SIC TRANSIT GLORIA MUNDI

("Ainsi passe la gloire du monde"Pensée tirée de l'Imitation de Jésus-Christ)

 

... Voyez, ma douce aimée, comment la plaisanterie nous a entraînés dans le Saint des Saints de la vie. Le [mot arabe] rafiqah (compagnon) a fait battre mon coeur, aussi me suis-je levé pour arpenter la pièce comme si je cherchais ma "compagne". Quel étrange effet peuvent avoir parfois sur nous certains mots - et que le son que fait ce mot ressemble au carillon des cloches de l'église.

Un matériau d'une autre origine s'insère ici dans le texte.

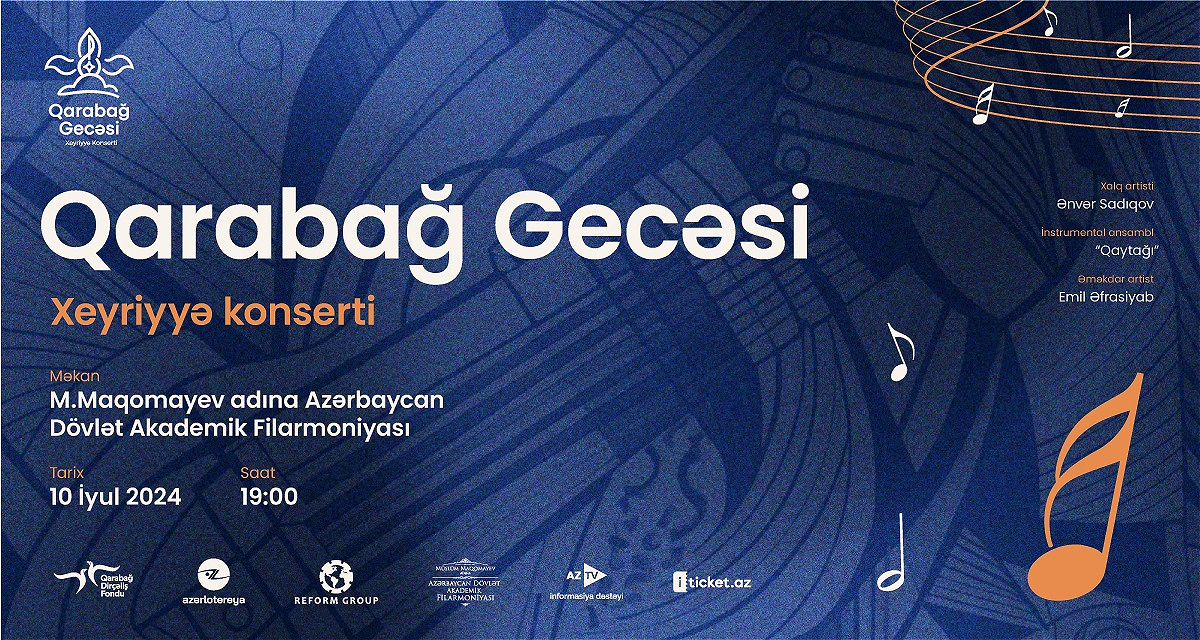 “Qarabağ gecəsi” xeyriyyə konsertinə bilet alın, doğma Qarabağın bərpasına dəstək olun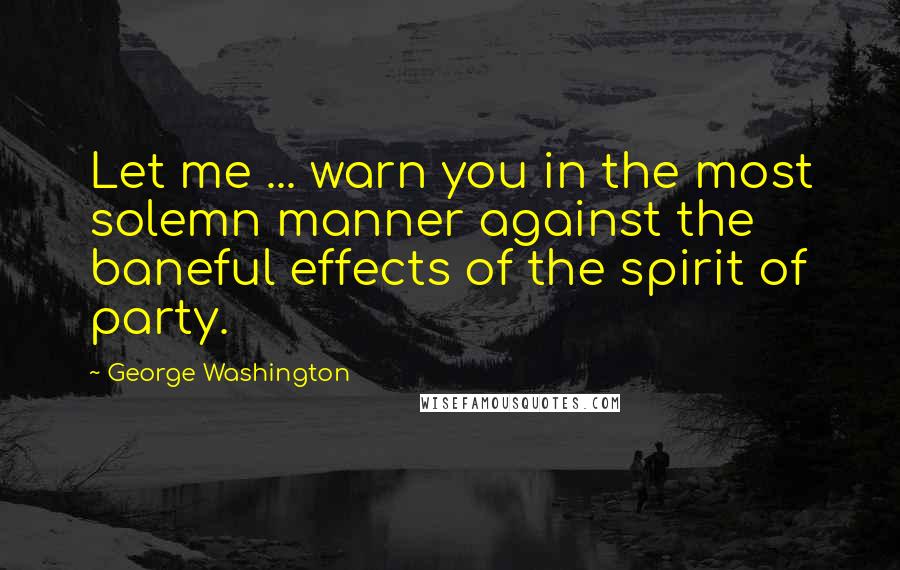 George Washington Quotes: Let me ... warn you in the most solemn manner against the baneful effects of the spirit of party.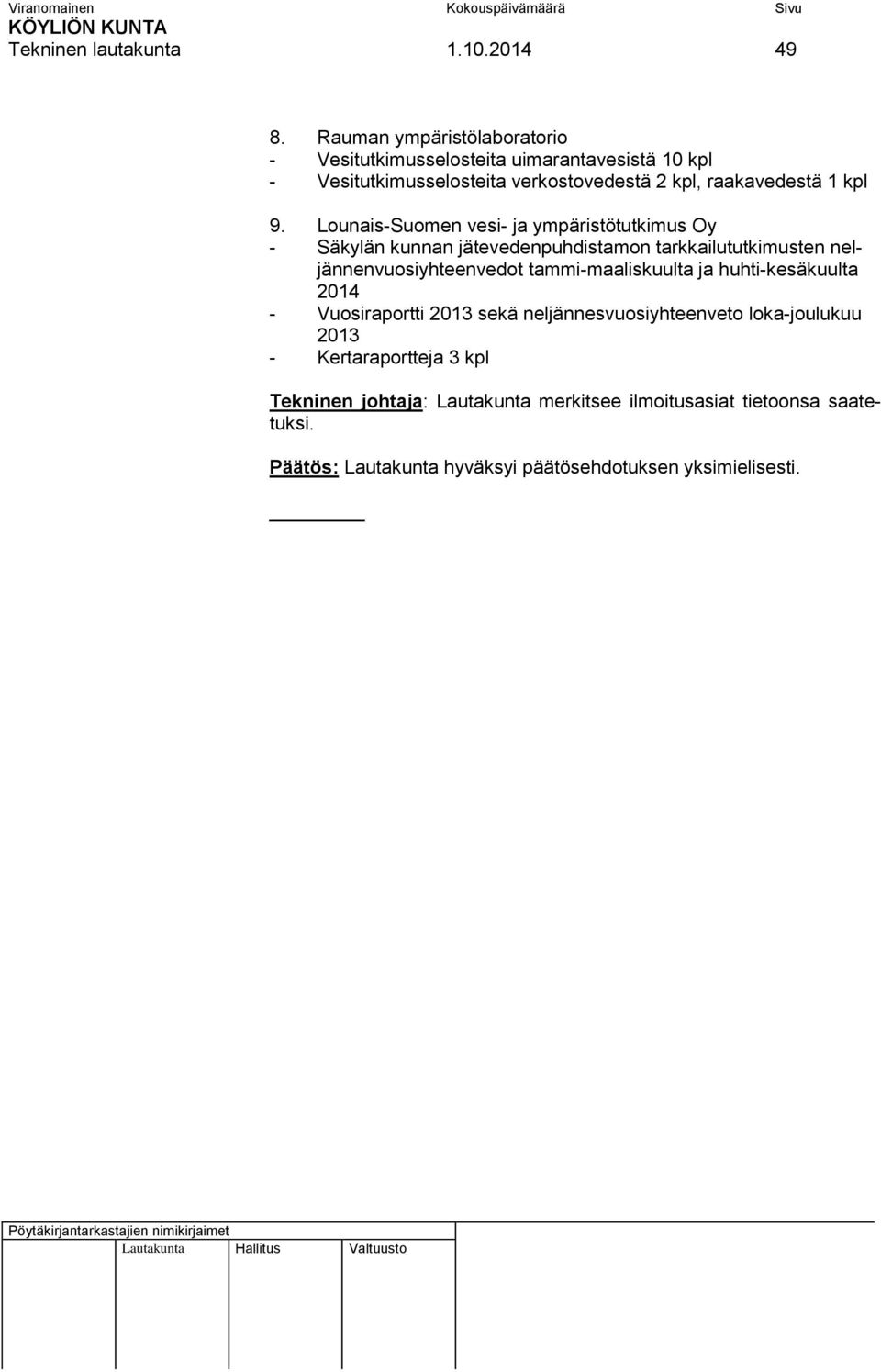 Lounais-Suomen vesi- ja ympäristötutkimus Oy - Säkylän kunnan jätevedenpuhdistamon tarkkailututkimusten neljännenvuosiyhteenvedot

C'est la transmutation de cette essence invisible, passant de la simple expression au silence, de la simple action à l'adoration.

 

Vous me dites que vous avez peur de l'amour ; pourquoi cela, ma tendre amie ? Avez-vous peur de la lumière du soleil ? Avez-vous peur du flux et du reflux de la mer ? Avez-vous peur du jour naissant ? Avez-vous peur du retour du printemps ? Je me demande pourquoi vous avez peur de l'amour ?

 

Je sais que l'amour d'une âme basse ne peut vous satisfaire, tout comme je sais qu'il ne peut pas me plaire. Vous et moi ne sauront jamais nous satisfaire de ce qu'il y a de mesquin dans l'esprit. Nous voulons tout en quantité. Nous voulons tout avoir. Nous voulons la perfection. Je dis, Mary, que dans cette aspiration qui est la nôtre se trouve notre accomplissement, car si notre volonté n'était qu'une ombre parmi les innombrables ombres de Dieu, nul doute que nous atteindrions l'un des nombreux rayons de Sa lumière.

 

Oh ! Mary, n'ayez pas peur de l'amour ! N'ayez pas peur de l'amour, amie de mon coeur. Nous devons nous soumettre à lui malgré ce qu'il peut nous apporter de souffrance, de désolation, de nostalgie, de perplexité et de confusion.

 

Ecoutez, Mary : aujourd'hui, je suis dans une prison de désirs, qui sont nés lorsque moi-même je suis venu au monde. Et aujourd'hui, je me trouve entravé par les chaînes d'une idée aussi vieille que les saisons de l'année. Pouvez-vous faire montre de mansuétude à mon égard, dans ma prison, afin que nous puissions émerger enfin à la lumière du soleil ? Resterez-vous près de moi jusqu'à ce que ces chaînes soient détruites et que nous puissions marcher librement et dans entraves jusqu'au sommet de la montagne ?

 

Et maintenant, venez plus près, rapprochez votre front de moi - comme ceci, comme ceci, et que Dieu vous bénisse et vous protège, compagne bien-aimée de mon coeur.